We tried to re-calculate the VIFs without including the fixed acidity. The VIFs of all the variables are now all acceptable so we have reason to believe fixed acidity needs to be eliminated.We may still have a problem with total and and free sulphur dioxide. We relied on scientific knowledge to assume we needed to eliminate the total sulphur dioxide and replaced it with the bound sulphur dioxide, which wasn’t one of our initial variables.

Here let me show the new VIF plot and the new correlation matrix:

The correlation matrix with these adjustments looks more acceptable now.

Now that the exploratory analysis is complete, we can start by analyzing the two models.

Multinomial Model

Splitting the quality

We have an ordered categorical variable so the natural choice is to start our analysis with a multinomial model. First of all we divided the response variable in three levels: bad for grades 3, 4 and 5, medium for grades 6, and good for grades 7 and 8. We can note that each level is well represented:

Mathematical Aspects

With this model our goal is to find the probability, for each observation, that the response belongs to each of the three categories. In this model it’s easier to work with cumulative probability. Since the cumulative distribution function assumes values between 0 and 1, we need to use a link function to model it. We used the proportional odds link function (which is the default one in R).

Cumulative probabilities: $$\gamma_{ij}=P(Y_i \leq j)$$
General form of the link function: $$g(Y_{ij})=\theta_j-\beta^T x_i$$
Log-odds function: $$log(\frac{\gamma_{ij}}{1-\gamma_{ij}})$$

Final Model

Here we show the model we reached through our analysis.

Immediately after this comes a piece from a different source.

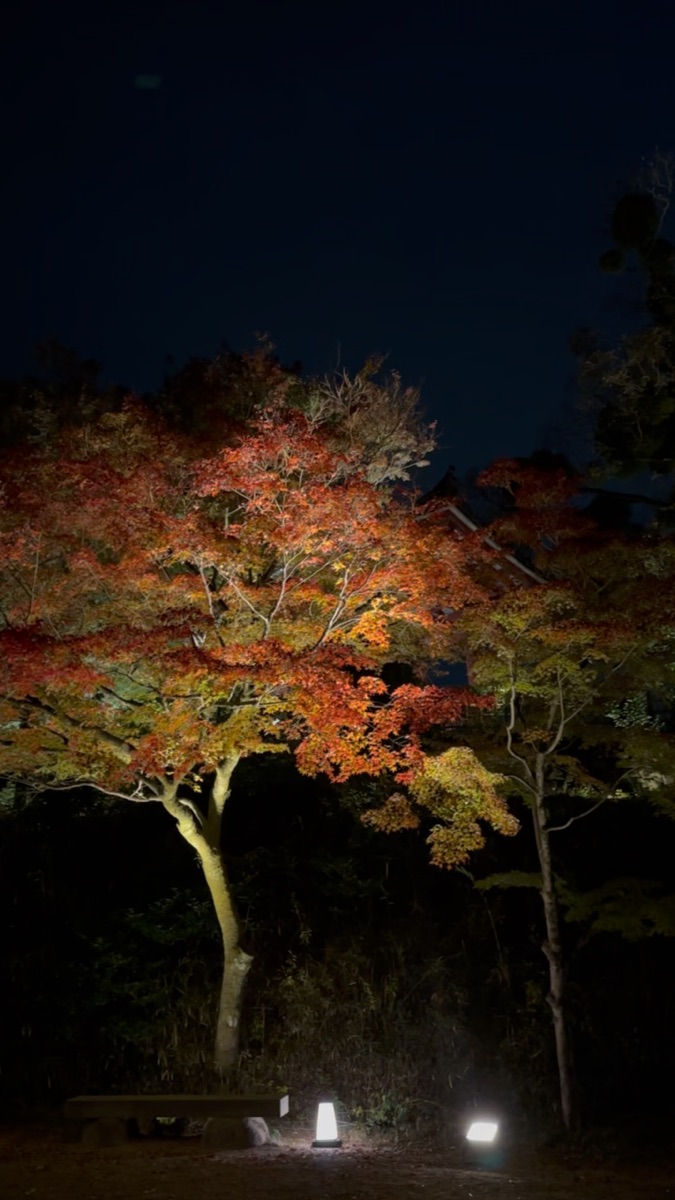 平等院 | 去趣 chicTrip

To prove our results we need a p-value, but this test doesn’t provide one. (One way to calculate a p-value in this case is by comparing the t-value against the standard normal distribution, like a z-test. Of course this is only true with infinite degrees of freedom, but is reasonably approximated by large samples, becoming increasingly biased as sample size decreases.) The results show that all of our remaining variables are significant.

Model Selection

To get to this result we used different model selection approaches, and then proceeded to compare them:

Criterion-based test: AIC

The first tool we used was the Akaike information criterion. As you can see on this graph, it suggests that the model which minimises the AIC is the one with these 7 variables. Next to the plot, there is the summary of model which includes the 7 variables suggested by the previous test:

Criterion-based test: BIC

Then we used the Bayesian information criterion. As we could expect it suggests a model with less variables (6 variables), because we know it penalises the number of variables more than the AIC. The summary of the model is the same, but in this case Residual Sugar was excluded.

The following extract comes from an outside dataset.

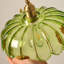 1 - Light Chandelier-138602667-138602664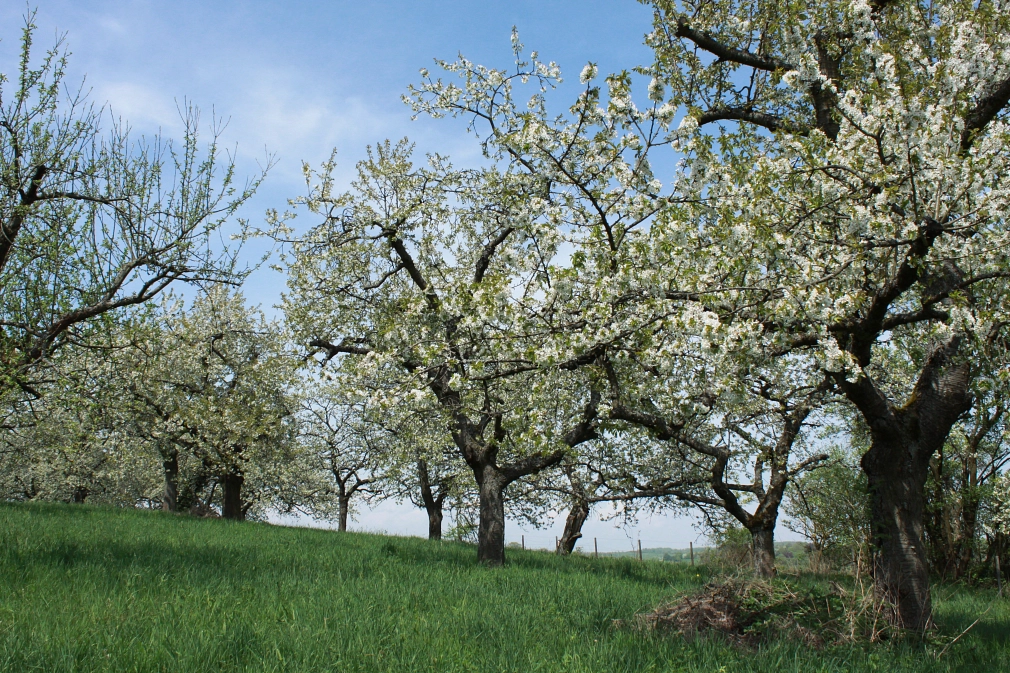 Auf einer grünen Wiese, dem Heiligen Grund, sind alte Apfelbäume zu sehen. Sie blühen.&nbsp;&copy;&nbsp;Franziska Seer, Stadt Marburg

Testing-based procedures: Single term deletion with "Chi Square" test

Lastly we carried out a backward elimination based on the Chi-squared test of likelihood ratio. It shows the variables we should include in the best model, which once again is 6. The model suggested is actually the same the BIC suggested.

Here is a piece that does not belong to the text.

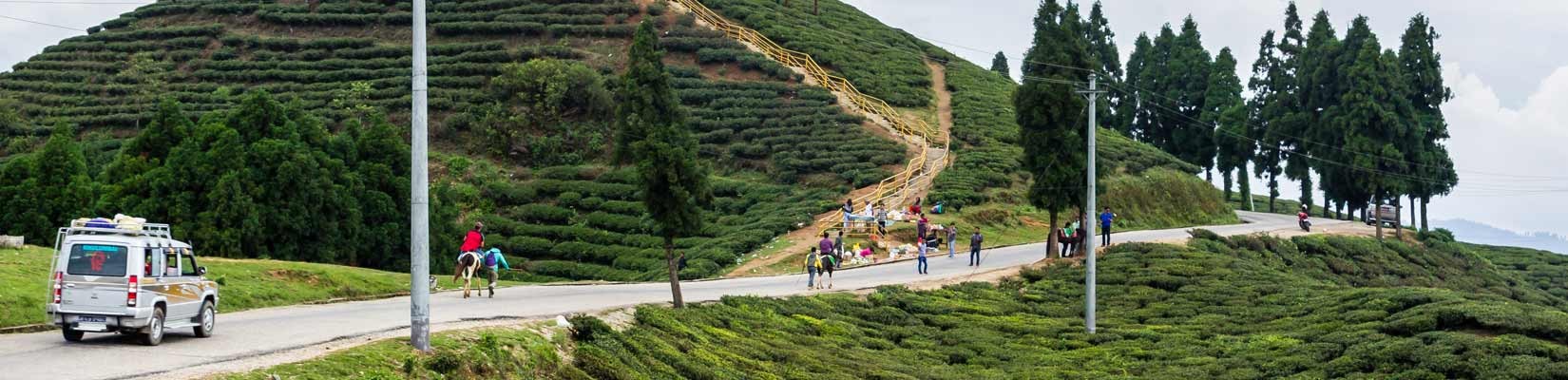 Things To Do in Illam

Comparison with the full model: ANOVA with $X^2$ test

Given these results, we decided to compare the 6-variable and 7-variable models. We compare the 6-variable model with the full model and we see that we fail to reject the null hypothesis. This means we have statistical evidence to assume all the parameters we removed are equal to 0.

Model diagnostic

We then start with the model diagnostic. The Brant test checks if the proportional odds assumption, which we need for our link function, holds in our model. It our case the general p-value and all the individual ones are above the 5% threshold so we can state that the assumption holds and we can have a single parameter for every class.

$H_0: \beta_k=\beta$

$H_1: \beta_k=\phi_k \beta$

With the Hosmer-Lemeshow test we verify the goodness of fit. We got a p-value of 0.098,so we can’t reject the null hypothesis that the model suits the data. We are then satisfied with our model with 6 variables.